Na resposta enviada nesta quarta-feira (29), o advogado Paulo Cunha Bueno argumentou que Bolsonaro não teria condições de conceder autorização para o uso de sua imagem, citando as restrições impostas por decisão judicial.

Segundo a defesa, o senador Flávio Bolsonaro (PL-RJ) está impedido de visitar o pai por 90 dias, o que afastaria a possibilidade de qualquer contato para tratar da produção do vídeo.

“Aliás, sequer poderia fazê-lo. Conforme expressamente determinado pelo Ministro Alexandre de Moraes, na decisão de 17.07.2026, o Presidente Bolsonaro encontra-se com o direito de visitas suspenso pelo prazo de 30 (trinta) dias, enquanto seu primogênito, Senador Flávio Nantes Bolsonaro permanece impedido de visitá-lo pelo prazo de 90 (noventa) dias, circunstância que, por si só, evidencia a inexistência de qualquer contato destinado à obtenção de autorização específica para a elaboração do referido material”, afirma o documento.

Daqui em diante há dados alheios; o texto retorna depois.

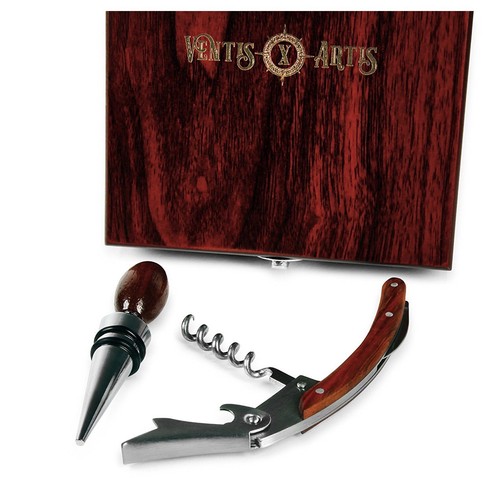 Wine Key Cork Screw Opener Gift Premium Wood Bar Stopper Home Case Fathers Day - Picture 3 of 4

A defesa também sustentou que os filhos do ex-presidente já utilizavam sua imagem em atividades político-partidárias antes das medidas restritivas impostas pela Justiça. De acordo com o advogado, a reprodução de fotografias, vídeos, discursos e outras manifestações públicas sempre ocorreu de forma recorrente, sem qualquer objeção de Bolsonaro.

“Ao menos desde o período em que o Peticionário exercia a Presidência da República, seus filhos sempre utilizaram sua imagem pública no âmbito da atividade político-partidária, reproduzindo fotografias, gravações, pronunciamentos, discursos, entrevistas e demais manifestações públicas, prática notória, contínua e jamais objeto de qualquer oposição por parte do titular desse direito”, diz outro trecho da manifestação.